What you return must match the listing below exactly, minus any pictures.

» **GIVEN DATA**:
Content starts

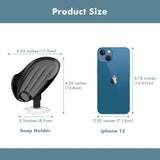 NPET Not Punched Self Draining Plastic Soap Dish Holder with Enlarged Suction Cup-Black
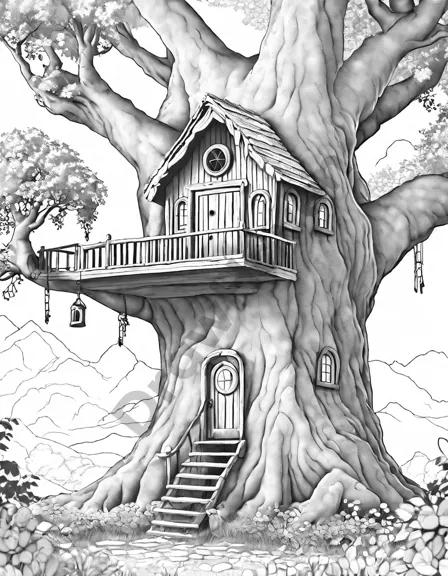 Coloring book image of enchanting treehouse in whispering woods with carved windows and woodland creatures in black and white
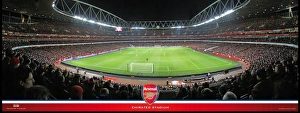 Emirates Stadium Match In Action Behind Goal At Night Framed Panoramic Emirates Stadium Match In Action Behind Goal At Night Framed Panoramic
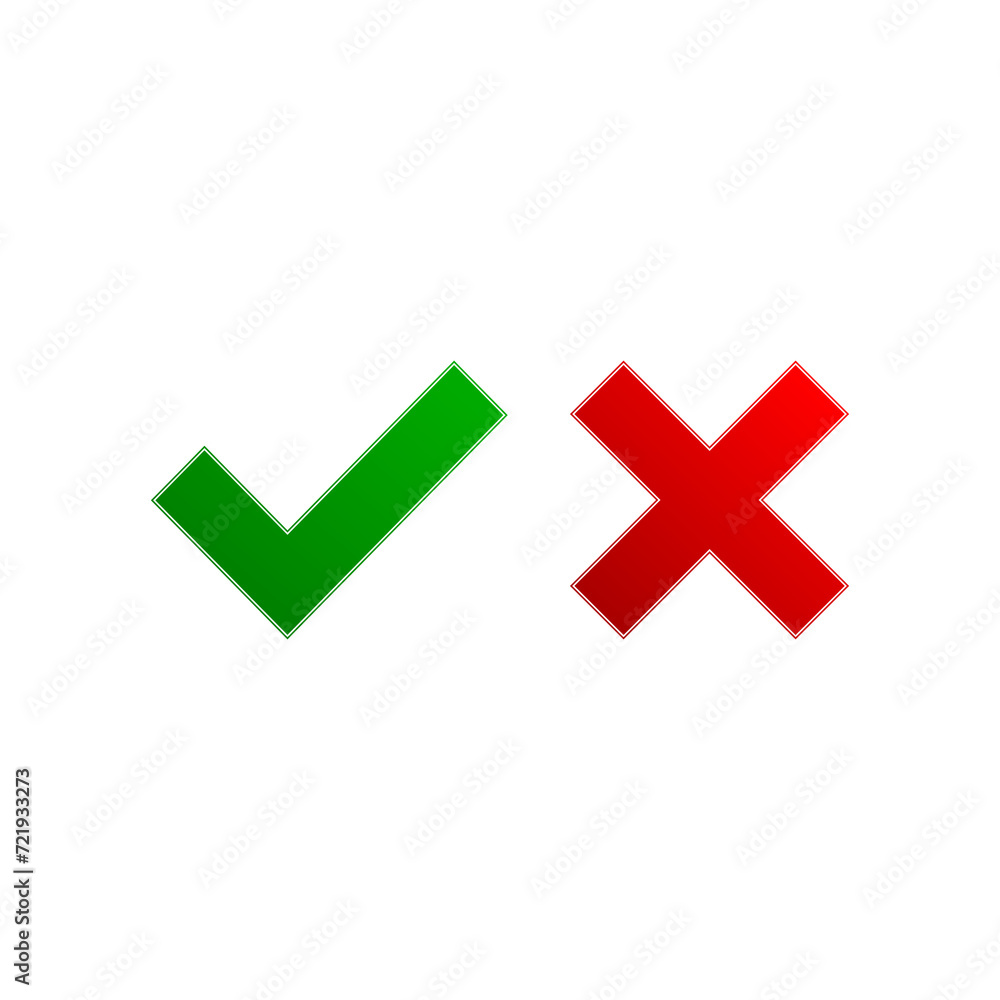 Poster green check mark ok and red x icons isolated on transparent background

Content ends

» **EXERCISE ANSWER**:
 NPET Not Punched Self Draining Plastic Soap Dish Holder with Enlarged Suction Cup-Black
 Coloring book image of enchanting treehouse in whispering woods with carved windows and woodland creatures in black and white
 Emirates Stadium Match In Action Behind Goal At Night Framed Panoramic Emirates Stadium Match In Action Behind Goal At Night Framed Panoramic
 Poster green check mark ok and red x icons isolated on transparent background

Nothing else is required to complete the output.